By Kris Tuttle
My Eee PC was just fine running XP but because Jolicloud can be installed in a separate bootable partition it’s easy to try. In this case a choice is offered at startup so it’s easy to switch to the other OS if you don’t like Jolicloud.
Installing the OS is simple and is completed with one very large (600MB) download and running the installation program. I found the overall interface and visual rendering to be very good, although at first few applications are pre-installed.
This initial uncertainty was cleared away quickly once I discovered the application download pages where you can get all your favorites (Google Chrome, Facebook, Twitter, Skype, etc.) Installation was faster and easier than on XP. In this case the Jolicloud management layer made the user experience more consistent and it didn’t slow anything down.

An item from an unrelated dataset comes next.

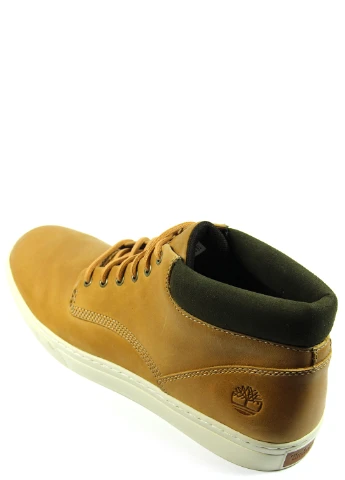 Чоловічі черевики Adventure Cupsole A1JU1 Timberland (256926467)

After using the system for a month I can say that the system is very stable. I had no crashes or hard failures. In addition the overall interface and most actions are more suited to the limited screen real estate and functionality of a netbook.
When I say netbook I do really mean a small lightweight client for using cloud-based applications. I expect that the ability to control user actions and keep data and application content in the cloud makes this a more secure approach.
Jolicloud is the first real alternative to Google ChromeOS for netbooks and other mobile Internet devices. It’s a pleasure to use, is fast and stable. It’s too early to know how to what degree Google will link their ChromeOS to other Google software and services in terms of the user experience.
Jolicloud has the incentive to be open and would make a good partner for Adobe (ADBE). Adobe has a suite of cloud-based applications that even have a UI that already looks like Jolicloud (or vice-versa.)
The rapid proliferation of cloud-based services and applications means that the capabilities of a Jolicloud netbook is expanding rapidly.
The only problem I had is that the system has some trouble explaining itself in terms of updates required and their installation.
Given the choice I tend to boot my netbook in Jolicloud unless I explicitly need to run a Microsoft (MSFT) program like IE or Excel which is only about 10% of the time.
For a new OS that’s pretty high praise in my book, given that it’s early days. We’d recommend anyone with a netbook or even notebook to try it out.
As far as implications go I’d say it means even lower cost, more functional netbooks on offer for general use or tied with carrier data plans which will provide the device at no charge. If Jolicloud catches on it could be a threat to what Google is planning with ChromeOS.